No. 073 [from The Spectator]
by [?]

It would be as difficult a Task to reckon up these different kinds of Idols, as Milton’s was [3] to number those that were known in Canaan, and the Lands adjoining. Most of them are worshipped, like Moloch, in Fire and Flames. Some of them, like Baal, love to see their Votaries cut and slashed, and shedding their Blood for them. Some of them, like the Idol in the Apocrypha, must have Treats and Collations prepared for them every Night. It has indeed been known, that some of them have been used by their incensed Worshippers like the Chinese Idols, who are Whipped and Scourged when they refuse to comply with the Prayers that are offered to them.

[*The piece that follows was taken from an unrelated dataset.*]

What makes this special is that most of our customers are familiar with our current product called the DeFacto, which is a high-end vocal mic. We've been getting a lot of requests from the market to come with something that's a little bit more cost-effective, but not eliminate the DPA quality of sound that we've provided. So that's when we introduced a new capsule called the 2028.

I must here observe, that those Idolaters who devote themselves to the Idols I am here speaking of, differ very much from all other kinds of Idolaters. For as others fall out because they Worship different Idols, these Idolaters quarrel because they Worship the same.

The Intention therefore of the Idol is quite contrary to the wishes of the Idolater; as the one desires to confine the Idol to himself, the whole Business and Ambition of the other is to multiply Adorers. This Humour of an Idol is prettily described in a Tale of Chaucer; He represents one of them sitting at a Table with three of her Votaries about her, who are all of them courting her Favour, and paying their Adorations: She smiled upon one, drank to another, and trod upon the other’s Foot which was under the Table. Now which of these three, says the old Bard, do you think was the Favourite? In troth, says he, not one of all the three. [4]

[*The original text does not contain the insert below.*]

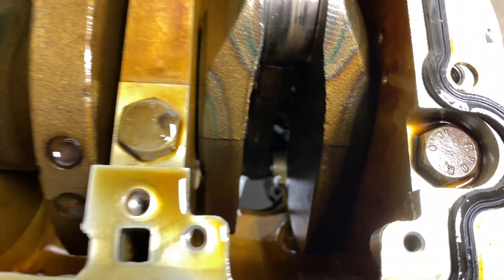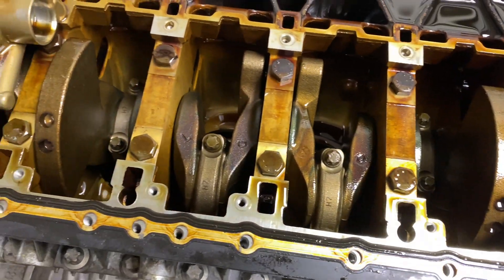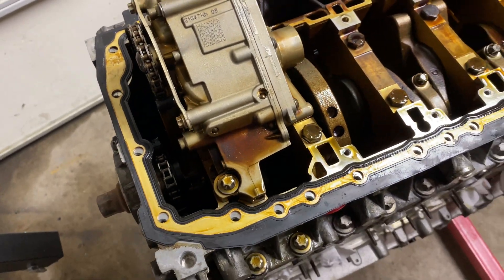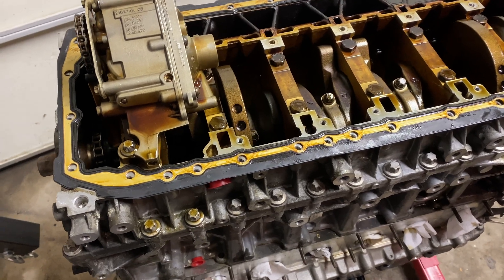Of course it's not in perfect condition by any stretch of the imagination, but it's decent enough to attempt rebuilding. I brought the engine home, put it on a stand, and started taking it apart to inspect it closer. So, how good of a shape is it really in? Well, let's find out.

The Behaviour of this old Idol in Chaucer, puts me in mind of the Beautiful Clarinda, one of the greatest Idols among the Moderns. She is Worshipped once a Week by Candle-light, in the midst of a large Congregation generally called an Assembly. Some of the gayest Youths in the Nation endeavour to plant themselves in her Eye, whilst she sits in form with multitudes of Tapers burning about her. To encourage the Zeal of her Idolaters, she bestows a Mark of her Favour upon every one of them, before they go out of her Presence. She asks a Question of one, tells a Story to another, glances an Ogle upon a third, takes a Pinch of Snuff from the fourth, lets her Fan drop by accident to give the fifth an Occasion of taking it up. In short, every one goes away satisfied with his Success, and encouraged to renew his Devotions on the same Canonical Hour that Day Sevennight.

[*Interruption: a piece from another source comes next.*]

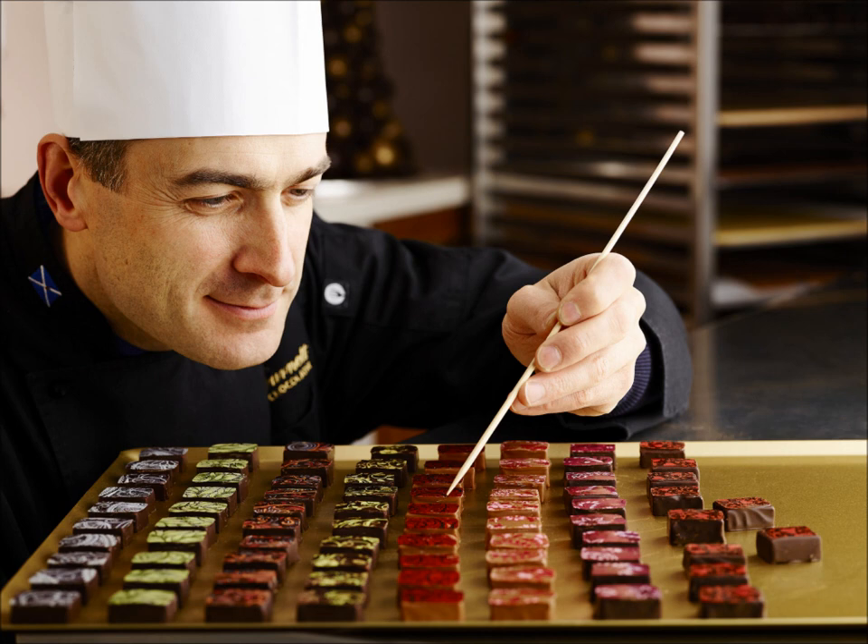Do you find that most people have no idea what goes into their chocolates and how they're made? I think people are pleasantly surprised. A lot of people assume you're working with sugar and flavorings and things like that. So when they discover, actually, this is cream coming from a single herd of cows just down the road — it's not a blended cream like you get in your supermarket, which people maybe don't even know.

An Idol may be Undeified by many accidental Causes. Marriage in particular is a kind of Counter-Apotheosis, or a Deification inverted. When a Man becomes familiar with his Goddess, she quickly sinks into a Woman.

Old Age is likewise a great Decayer of your Idol: The Truth of it is, there is not a more unhappy Being than a Superannuated Idol, especially when she has contracted such Airs and Behaviour as are only Graceful when her Worshippers are about her.

Considering therefore that in these and many other Cases the Woman generally outlives the Idol, I must return to the Moral of this Paper, and desire my fair Readers to give a proper Direction to their Passion for being admired; In order to which, they must endeavour to make themselves the Objects of a reasonable and lasting Admiration. This is not to be hoped for from Beauty, or Dress, or Fashion, but from those inward Ornaments which are not to be defaced by Time or Sickness, and which appear most amiable to those who are most acquainted with them.

C.

[Footnote 1: that]

[Footnote 2: ‘Tuscul. Quaest.’ Lib. v. Sec. 243.]

[Footnote 3: ‘Paradise Lost’, Bk. I.]

[Footnote 4: The story is in ‘The Remedy of Love’ Stanzas 5–10.]